- Images for object localization
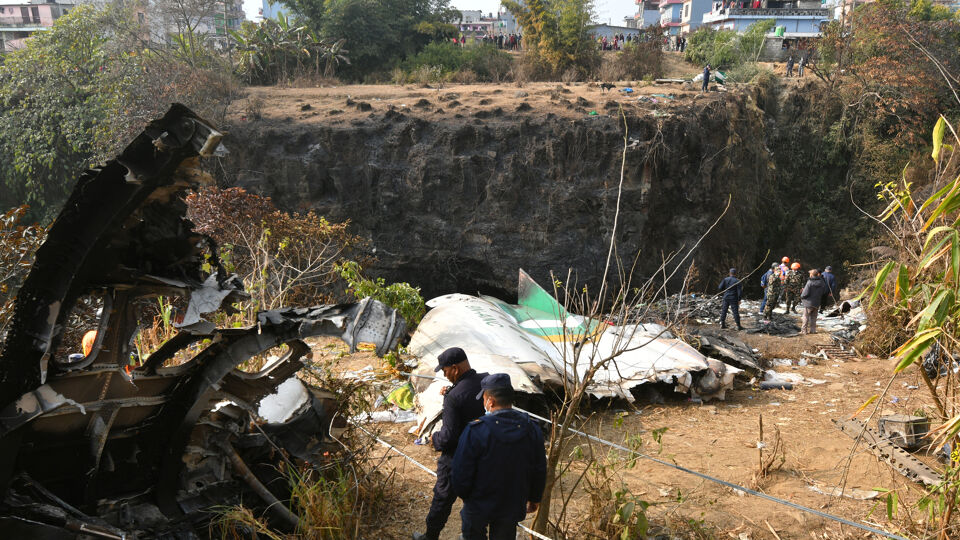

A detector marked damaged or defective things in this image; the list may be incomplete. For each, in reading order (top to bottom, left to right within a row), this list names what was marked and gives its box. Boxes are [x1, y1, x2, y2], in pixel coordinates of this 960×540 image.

burned wreckage [0, 106, 402, 540]
crashed airplane [0, 105, 404, 540]
crashed airplane [408, 270, 748, 438]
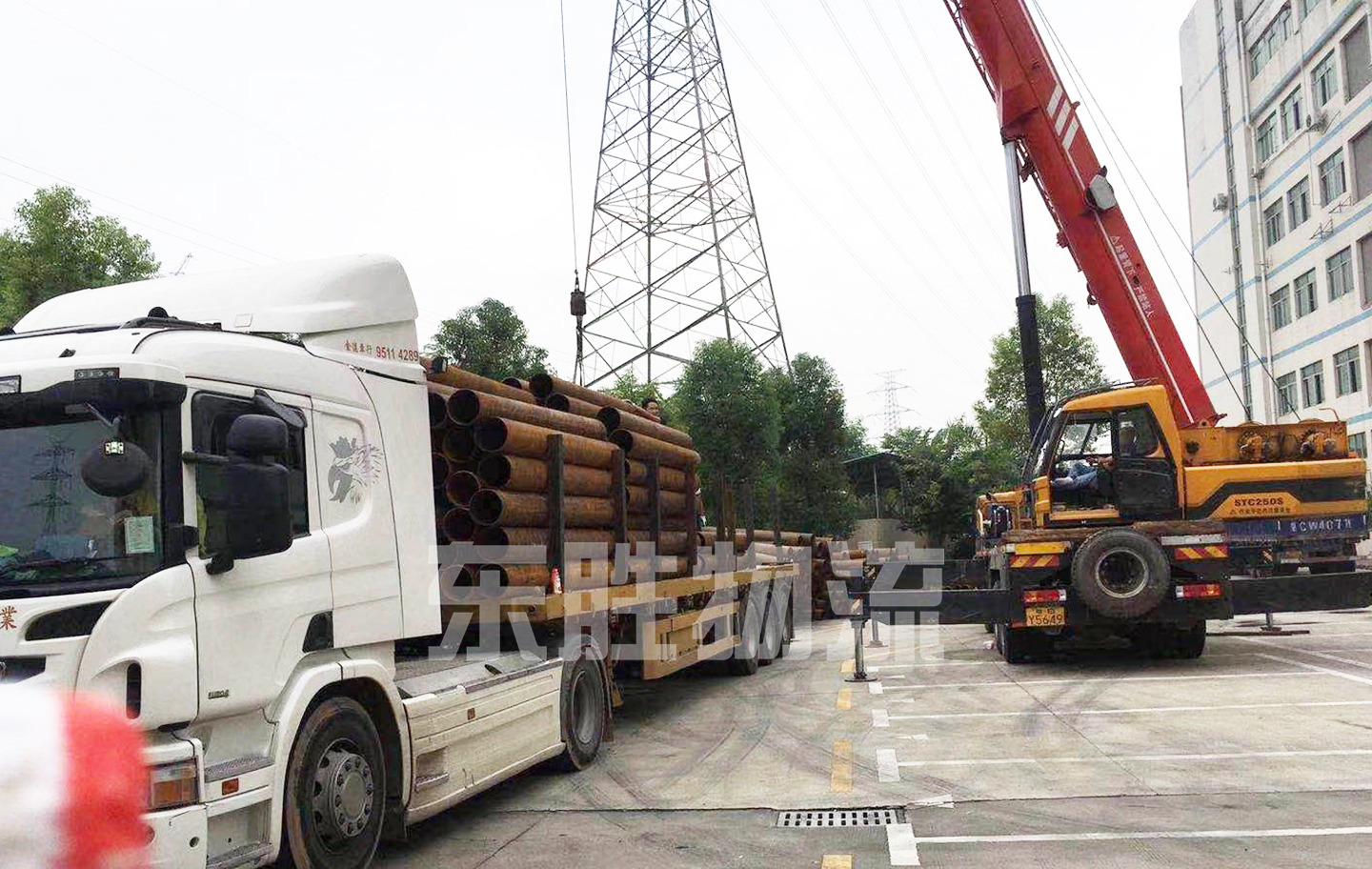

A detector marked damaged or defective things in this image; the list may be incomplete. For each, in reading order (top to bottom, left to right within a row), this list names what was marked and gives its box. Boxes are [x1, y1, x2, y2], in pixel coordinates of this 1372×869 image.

rusty steel pipe [444, 427, 482, 461]
rusty steel pipe [423, 360, 537, 404]
rusty steel pipe [448, 389, 602, 438]
rusty steel pipe [474, 419, 617, 469]
rusty steel pipe [545, 394, 602, 421]
rusty steel pipe [530, 372, 656, 423]
rusty steel pipe [595, 406, 690, 452]
rusty steel pipe [610, 427, 701, 469]
rusty steel pipe [444, 473, 482, 507]
rusty steel pipe [448, 507, 480, 541]
rusty steel pipe [467, 492, 617, 526]
rusty steel pipe [480, 455, 614, 495]
rusty steel pipe [621, 457, 686, 492]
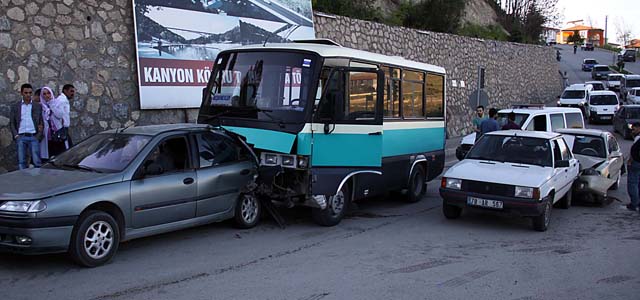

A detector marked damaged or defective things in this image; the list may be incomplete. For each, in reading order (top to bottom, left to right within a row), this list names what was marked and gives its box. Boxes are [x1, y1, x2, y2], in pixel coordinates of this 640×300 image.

damaged gray sedan [1, 124, 260, 268]
damaged gray sedan [560, 129, 624, 204]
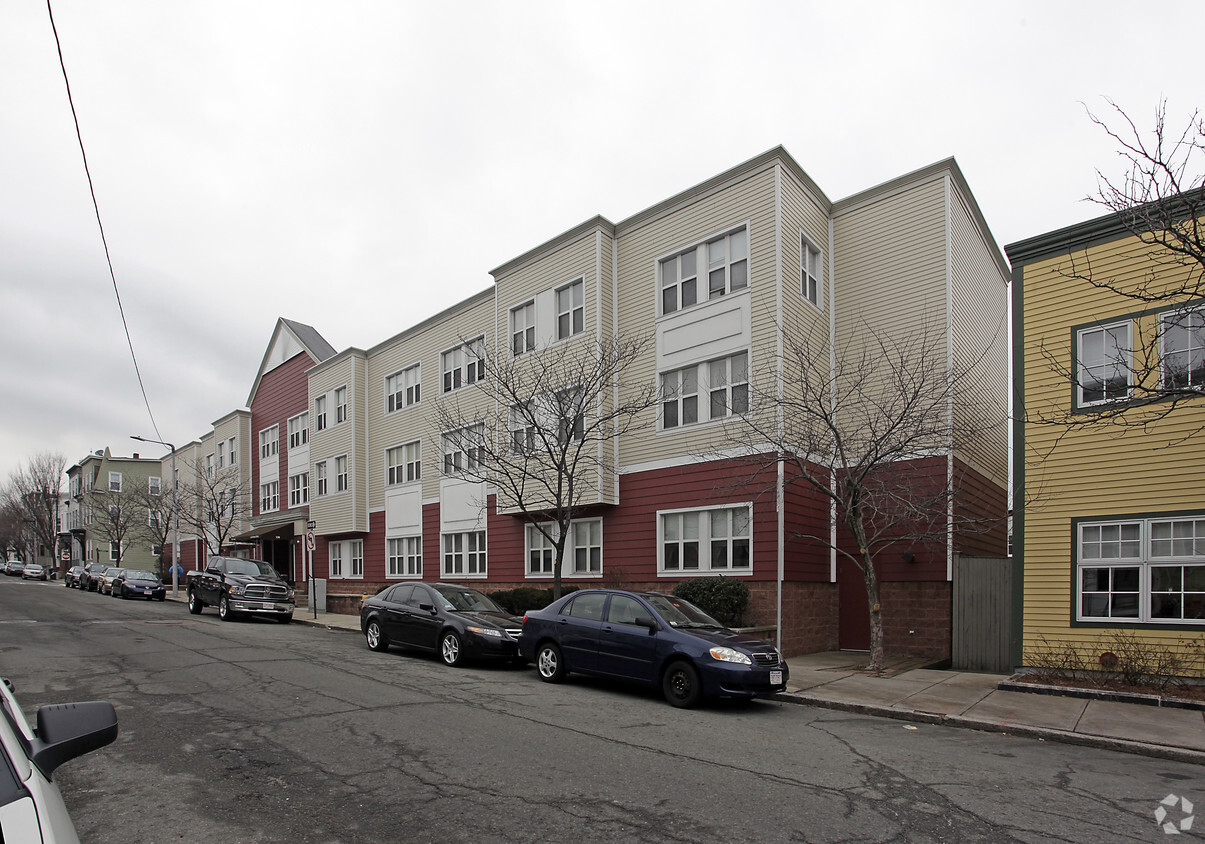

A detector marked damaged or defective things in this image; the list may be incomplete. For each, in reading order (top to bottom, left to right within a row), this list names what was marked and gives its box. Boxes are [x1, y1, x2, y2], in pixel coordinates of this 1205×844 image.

cracked asphalt street [0, 580, 1200, 844]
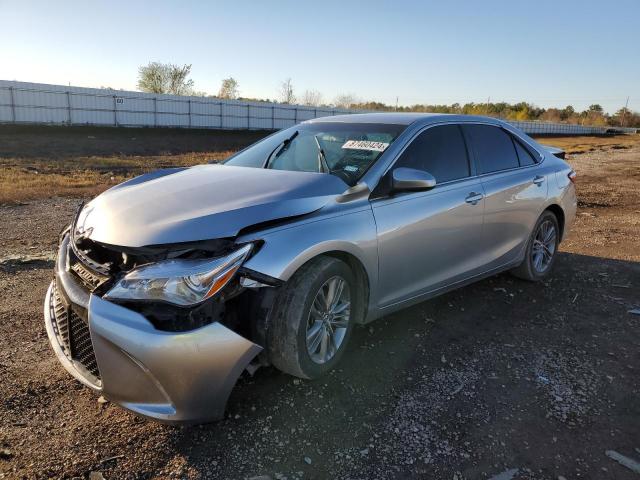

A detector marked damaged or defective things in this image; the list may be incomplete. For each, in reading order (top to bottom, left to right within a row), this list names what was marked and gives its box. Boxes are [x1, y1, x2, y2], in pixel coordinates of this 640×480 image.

crumpled hood [79, 165, 350, 248]
exposed wheel well [544, 203, 564, 240]
detached bumper piece [44, 234, 262, 422]
damaged front end [42, 219, 278, 422]
broken headlight [105, 246, 252, 306]
exposed wheel well [316, 251, 368, 322]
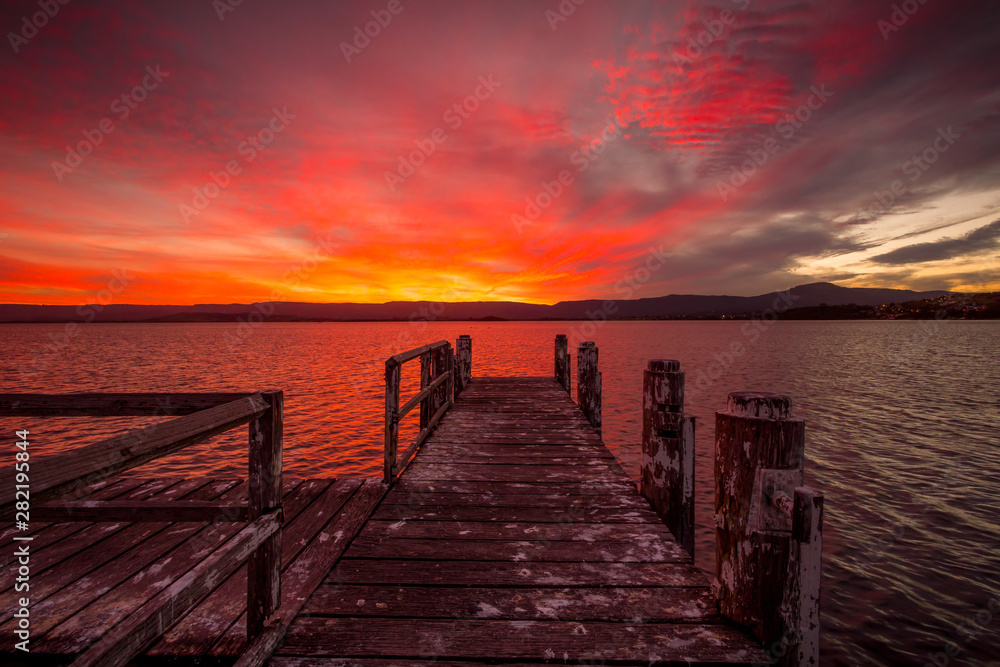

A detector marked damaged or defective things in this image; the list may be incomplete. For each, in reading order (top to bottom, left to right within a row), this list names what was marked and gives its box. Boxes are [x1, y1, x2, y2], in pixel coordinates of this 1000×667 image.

peeling paint on post [556, 336, 572, 394]
peeling paint on post [576, 342, 596, 436]
peeling paint on post [640, 360, 696, 560]
peeling paint on post [716, 392, 824, 667]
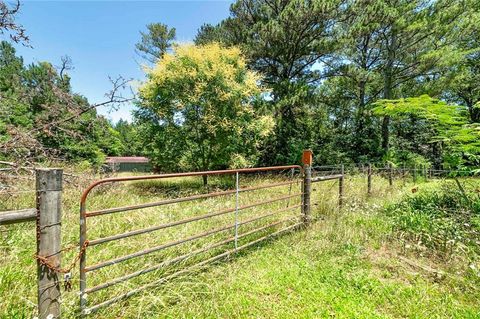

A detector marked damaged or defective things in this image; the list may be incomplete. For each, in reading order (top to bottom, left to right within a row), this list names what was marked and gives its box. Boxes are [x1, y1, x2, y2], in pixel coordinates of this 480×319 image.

rusty gate bar [80, 166, 302, 316]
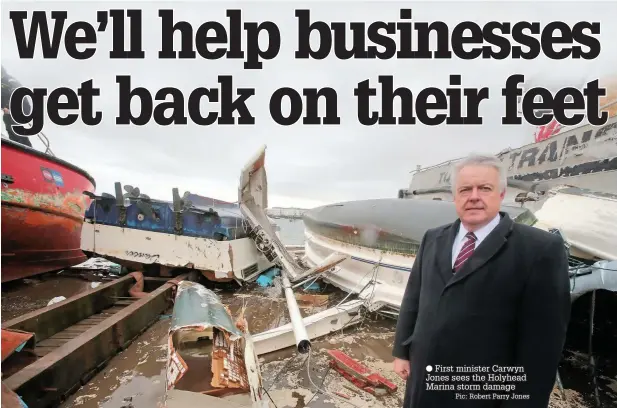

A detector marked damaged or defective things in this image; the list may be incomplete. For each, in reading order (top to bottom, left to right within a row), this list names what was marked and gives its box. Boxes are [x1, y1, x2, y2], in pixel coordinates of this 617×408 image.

damaged boat [79, 185, 274, 284]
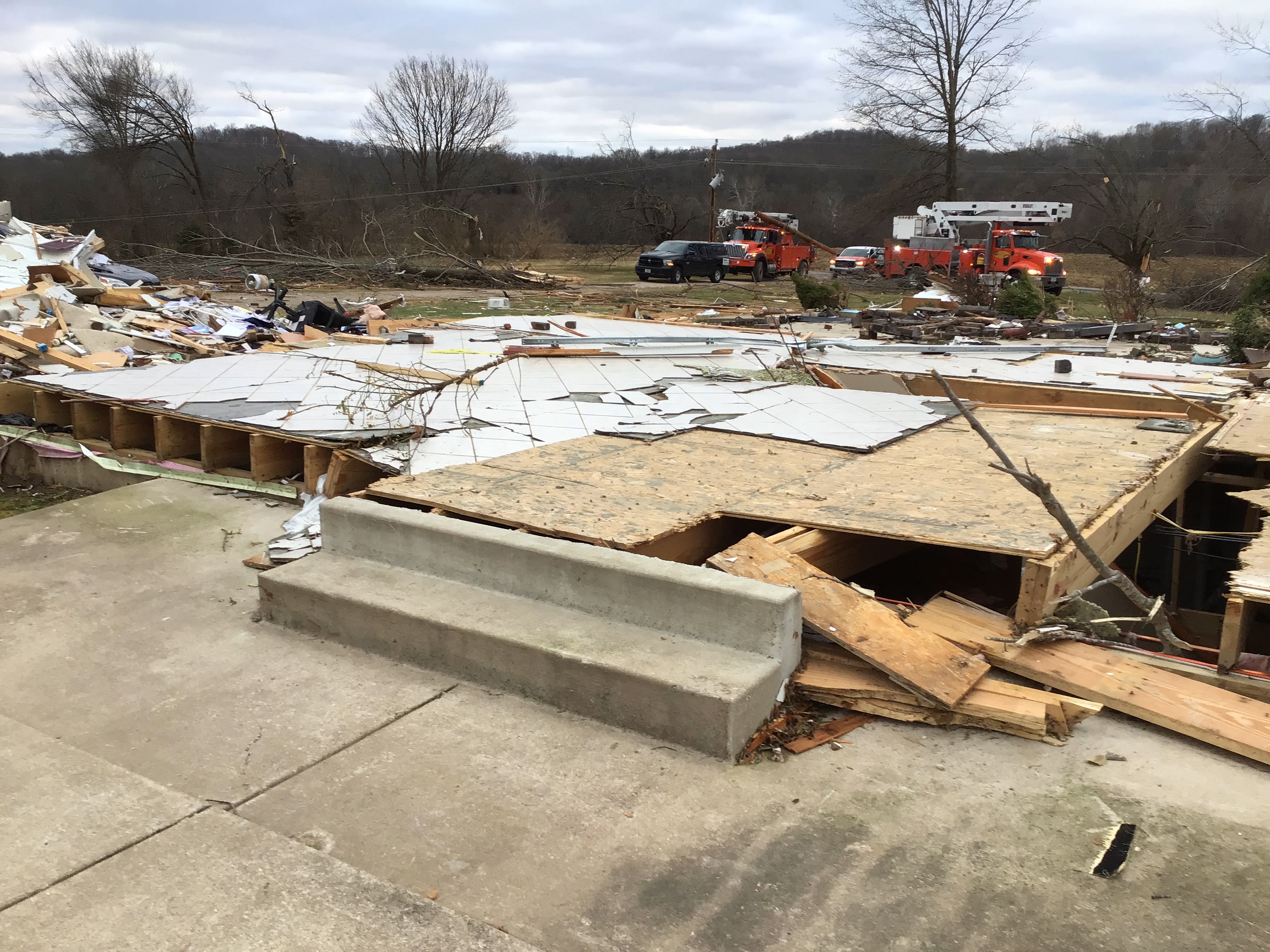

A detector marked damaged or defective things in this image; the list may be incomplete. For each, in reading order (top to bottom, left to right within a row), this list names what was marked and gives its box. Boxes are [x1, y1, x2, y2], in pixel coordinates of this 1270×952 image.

torn roof decking [366, 411, 1209, 558]
splintered lumber [706, 538, 990, 710]
broken board [711, 538, 985, 710]
splintered lumber [797, 642, 1097, 746]
broken board [909, 597, 1270, 766]
splintered lumber [914, 597, 1270, 766]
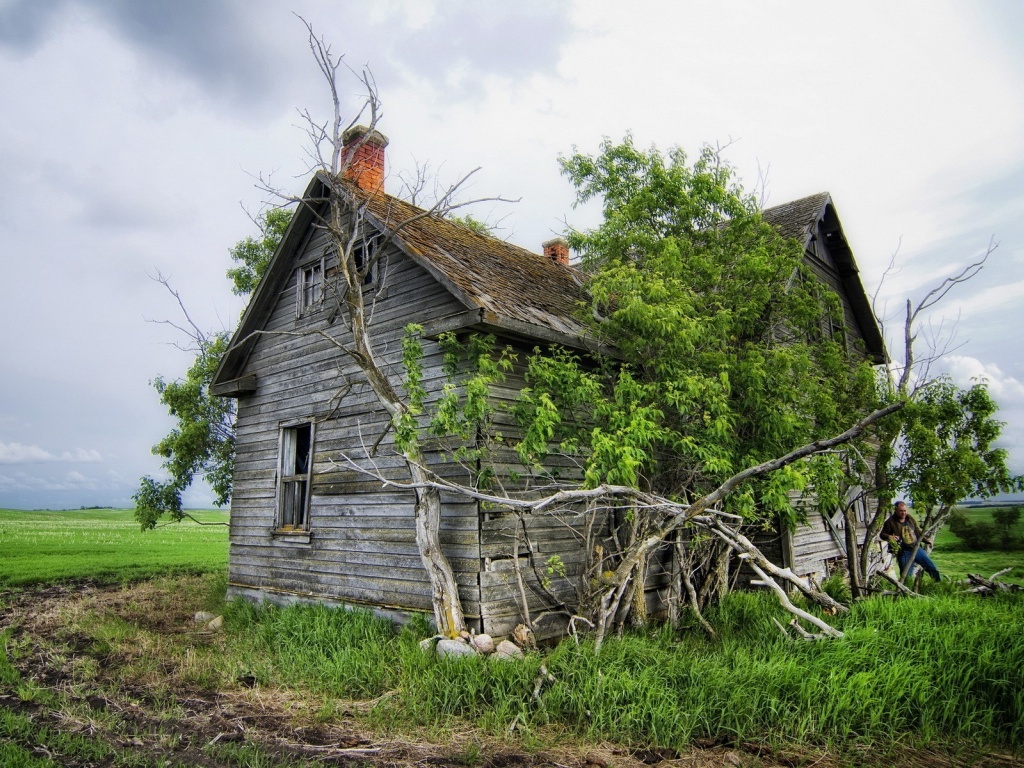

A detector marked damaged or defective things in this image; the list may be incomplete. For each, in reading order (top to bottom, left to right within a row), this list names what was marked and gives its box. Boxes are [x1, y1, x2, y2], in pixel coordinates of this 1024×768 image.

broken window [296, 258, 324, 316]
broken window [276, 424, 312, 532]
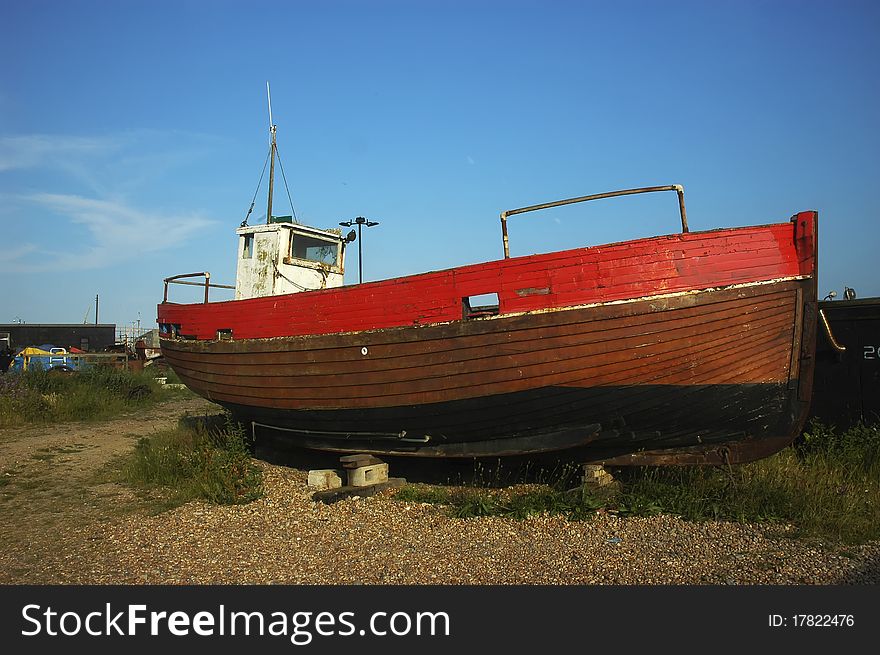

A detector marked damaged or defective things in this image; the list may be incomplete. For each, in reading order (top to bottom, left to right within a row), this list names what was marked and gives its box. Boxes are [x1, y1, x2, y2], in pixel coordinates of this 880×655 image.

rusty metal railing [502, 184, 688, 258]
rusty metal railing [162, 270, 235, 304]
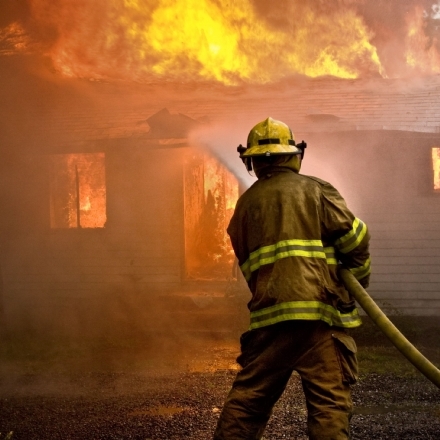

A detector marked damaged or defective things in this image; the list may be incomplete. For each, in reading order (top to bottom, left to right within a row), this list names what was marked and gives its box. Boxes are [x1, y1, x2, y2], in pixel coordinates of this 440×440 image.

broken window [49, 153, 107, 229]
broken window [184, 151, 239, 280]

- TO DO
Transcribe each record exactly as it appears, but omit every picture.

- ANSWER BELOW
A detector marked damaged or defective things in this image; the list may be incomplete. For each, in reading order (top to bottom, left to right within a row), this list names what was marked and gives its box. Boxes are [x1, y1, x2, y2], in pixel coordinates of this 960×540 image.

burned wreckage [0, 106, 402, 540]
crashed airplane [0, 105, 404, 540]
crashed airplane [408, 270, 748, 438]

A detector marked damaged or defective things in this image; the list may be incomplete. For each, in reading order (top to bottom, left to right within a row), this list names what was marked and gives its box. Boxes are [x1, y1, x2, y2], in pixel coordinates of this 1372×869 image.

rusty steel pipe [444, 427, 482, 461]
rusty steel pipe [423, 360, 537, 404]
rusty steel pipe [448, 389, 602, 438]
rusty steel pipe [474, 419, 617, 469]
rusty steel pipe [545, 394, 602, 421]
rusty steel pipe [530, 372, 656, 423]
rusty steel pipe [595, 406, 690, 452]
rusty steel pipe [610, 427, 701, 469]
rusty steel pipe [444, 473, 482, 507]
rusty steel pipe [448, 507, 480, 541]
rusty steel pipe [467, 492, 617, 526]
rusty steel pipe [480, 455, 614, 495]
rusty steel pipe [621, 457, 686, 492]

A detector marked damaged or defective things in this image; the list may be incomplete. For each, in reading order (top to bottom, left to right within a row), this list names what was marked and gives its box. Boxes are [x1, y1, x2, y2], in pixel coordinates of this 640×300 image.

damaged gray sedan [1, 124, 260, 268]
damaged gray sedan [560, 129, 624, 204]

A detector marked damaged or defective things in this image; the list may be incomplete. For each, in reading order (top to bottom, left to right within a row), this list names what was marked and gives its box. Boxes are [x1, y1, x2, y2], in pixel coordinates of this 1205×844 image.

cracked asphalt street [0, 580, 1200, 844]

A detector marked damaged or defective things in this image; the list may be incomplete. For each, in reading order (top to bottom, left to right within a row), this list names what was marked and gives its box. Boxes are [x1, y1, x2, y2], in pixel coordinates of this 640×480 image.

crumpled hood [79, 165, 350, 248]
exposed wheel well [544, 203, 564, 240]
detached bumper piece [44, 234, 262, 422]
damaged front end [42, 219, 278, 422]
broken headlight [105, 246, 252, 306]
exposed wheel well [316, 251, 368, 322]

A detector marked damaged or defective things in this image; the list may be incomplete. For each, in reading order (top to bottom, left to right within a row), this list names what was marked and gives its box. Boxes are [x1, y1, x2, y2], in pixel coordinates of this 1000×667 image.

peeling paint on post [556, 336, 572, 394]
peeling paint on post [576, 342, 596, 436]
peeling paint on post [640, 360, 696, 560]
peeling paint on post [716, 392, 824, 667]

A detector marked damaged or defective things in this image; the list may be incomplete. For each, in reading order (top to bottom, left to right within a row), this list names what was marked and gives its box. Boxes are [x1, y1, x2, y2], in pixel coordinates of this 480×319 image.

rusty gate bar [80, 166, 302, 316]

A detector marked damaged or defective things in this image; the list may be incomplete. For each, in reading order (top to bottom, left to right within a row), this list names what was marked and gives its box. Boxes are [x1, y1, x2, y2], in pixel coordinates of this 617×408 image.

damaged boat [79, 185, 274, 284]

A detector marked damaged or defective things in this image; the list may be incomplete. For each, in reading order (top to bottom, left to right within a row), this list names what was marked and gives its box. Boxes are [x1, y1, x2, y2], in pixel coordinates of this 1270×952 image.

torn roof decking [366, 411, 1209, 558]
splintered lumber [706, 538, 990, 710]
broken board [711, 538, 985, 710]
splintered lumber [797, 642, 1097, 746]
broken board [909, 597, 1270, 766]
splintered lumber [914, 597, 1270, 766]

A detector marked damaged or defective things in this image; the list may be incomplete. For each, in reading order (top to bottom, left to right within a row), this list names what was marked and gives its box. Boxes are [x1, y1, x2, y2], in pixel coordinates of this 1024×768 image.

broken window [296, 258, 324, 316]
broken window [276, 424, 312, 532]

A detector marked damaged or defective things in this image; the list may be incomplete. For each, in reading order (top to bottom, left to right within a row), this list names what was marked and gives its box. Boxes are [x1, y1, x2, y2], in pixel coordinates of this 880×655 image.

rusty metal railing [502, 184, 688, 258]
rusty metal railing [162, 270, 235, 304]

A detector marked damaged or defective things in this image; the list may be incomplete. For each, in reading order (top to bottom, left to right within a row), this list names what was marked and gives its box. Boxes are [x1, y1, x2, y2], in pixel coordinates of this 440×440 image.

broken window [49, 153, 107, 229]
broken window [184, 151, 239, 280]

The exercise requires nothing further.